There are several affordable hotels just off I-35 that make meeting friends or keeping appointments in town easier. The least expensive is the Best Western Executive Inn at 1851 N. I-35 in Round Rock, a short 17 miles north of downtown Austin. Current bookings are listed online for less than $70 a night. Round Rock is Dell’s corporate headquarters, and also has a Premium Outlets Mall, an Ikea, and a number of restaurants.
Round Rock Restaurants
There’s no need to drive into Austin for dinner, with all the options now available in Round Rock. One of their most popular restaurants is The Scarlet Rabbit at 410 W. Main Street. This Texas bistro invites diners to “take an immersive trip down a culinary rabbit hole.” Interesting items on the dinner menu included an appetizer of Fried Oyster Nachos ($9) and entrée of Texas Bouillabaisse (Gulf shrimp, oysters, mussels, black drum, and spicy broth, $18).

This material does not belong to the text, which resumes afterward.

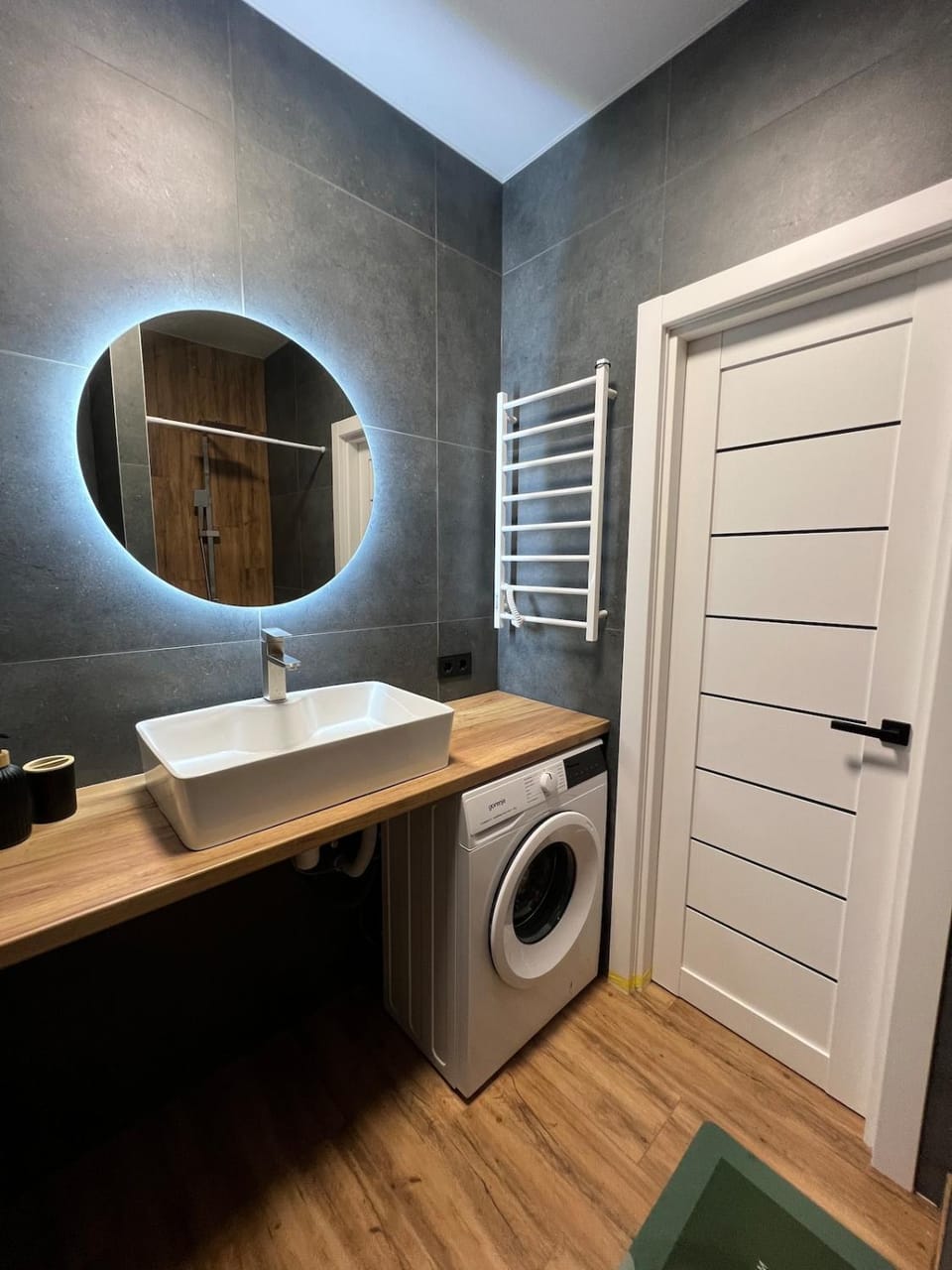 Bathroom, washing machine, dryer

For breakfast, there’s a branch of Austin favorite Kerbey Lane open for business at 2120 N. Mays Street in Round Rock. The restaurant is open 24 hours, and serves such scrumptious dishes as the Kerbey Scramble (scrambled eggs, home fries, mushroom, tomato, green onion, cheddar jack cheese, two sides for $8.95). Signature omelets like Chicken Verde are only $9.95, and mimosas are just $2. Their giant, fluffy biscuits are probably the most popular side, justifiably so.
I drove a 2017 Toyota Corolla 50th Anniversary Special Edition compact sedan down to Round Rock, averaging almost 35 mpg. With construction on I-35 improving tremendously over the past year, I enjoyed an unusually economical trip. Where driving south of Waco to Salado used to be something of a nightmare, it has become almost routine now. It’s still sad, though, to see how many businesses—like Salado’s beloved Stagecoach Inn—have been hurt by the seemingly endless construction on I-35.
Toyota’s entry level sedan has been around 50 years for a good reason. It’s roomy enough to seat five, but still small enough to fit into even the tightest parking spots. The test model came in a lovely black cherry pearl coat of paint, a special color for the anniversary edition.
There are nine trim levels for the 2017 Toyota Corolla, but the special edition is the top of the line. Only 8,000 of the 50th anniversary special edition models will be sold in the United States. The MSRP for the special edition model is $21,900. With fuel savings of $1,000 over a 5-year period, driving a 50th anniversary Toyota Corolla sounds even better.